For a startup, the top priority is to scale data collection without scaling operational resources. As mentioned earlier, on-premises infrastructure requires huge upfront and maintenance costs, so cloud services tend to be a better option for startups. 

Cloud services allow scaling to match demand and require minimal maintenance efforts, so that your small team of staff could focus on the product and analytics instead of infrastructure management.


Examples of vendors that provide Hadoop-based solutions (Source: WikiCommons)



In order to choose a cloud service provider, you’d have to first establish the data that you’d need for analytics, and the databases and analytics infrastructure most suitable for those data types. 

Since there’d be both structured and unstructured data in your analytics pipeline, you might want to set up both a Data Warehouse and a Data Lake. 

An important thing to consider for data scientists is whether the storage layer supports the big data tools that are needed to build the models, and if the database provides effective in-database analytics. 

For example, some ML libraries such as Spark’s MLlib cannot be used effectively with databases as the main interface for data — the data would have to be unloaded from the database before it can be operated on, which could be extremely time-consuming as data volume grows and might become a bottleneck when you’ve to retrain your models regularly (thus causing another “heads-rolling” situation).
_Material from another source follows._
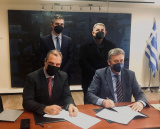ΕΤΑΔ: Παραχώρηση ακινήτου στο Δήμο Κορίνθου για δημιουργία Τεχνολογικού Πάρκου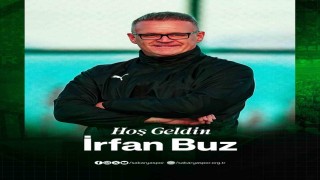 Sakaryaspor, İrfan Buz ile anlaştı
For data science in the cloud, most cloud providers are working hard to develop their native machine learning capabilities that allow data scientists to build and deploy machine learning models easily with data stored in their own platform (Amazon has SageMaker, Google has BigQuery ML, Microsoft has Azure Machine Learning).

But the toolsets are still developing and often incomplete: for example, BigQuery ML currently only support linear regression, binary and multiclass logistic regression, K-means clustering, and TensorFlow model importing. 

If you decide to use these tools, you’d have to test their capabilities thoroughly to make sure they do what you need them to do.

Another major thing to consider when choosing a cloud provider is vendor-lock in. If you choose a proprietary cloud database solution, you most likely won’t be able to access the software or the data in your local environment, and switching vendor would require migrating to a different database, which could be costly.

One way to address this problem is to choose vendors that support open source technologies (here’s Netflix explaining why they use open source software). Another advantage of using open source technologies is that they tend to attract a larger community of users, meaning it’d be easier for you to hire someone who has the experience and skills to work within your infrastructure.

Another way to address the problem is to choose third-party vendors (such as Pivotal Greenplum and Snowflake) that provide cloud database solutions using other major cloud providers as storage backend, which also allows you to store your data in multiple clouds if that fits your startup’s needs.

Finally, since you expect the company to grow, you’d have to put in place a robust cloud management practice to secure your cloud and prevent data loss and leakages — such as managing data access and securing interfaces and APIs.

You’d also want to implement data governance best practices to maintain data quality and ensure your Data Lake won’t turn into a Data Swamp.

As you can see, there’s so much more in an enterprise data science project than tuning the hyperparameters in your machine learning models!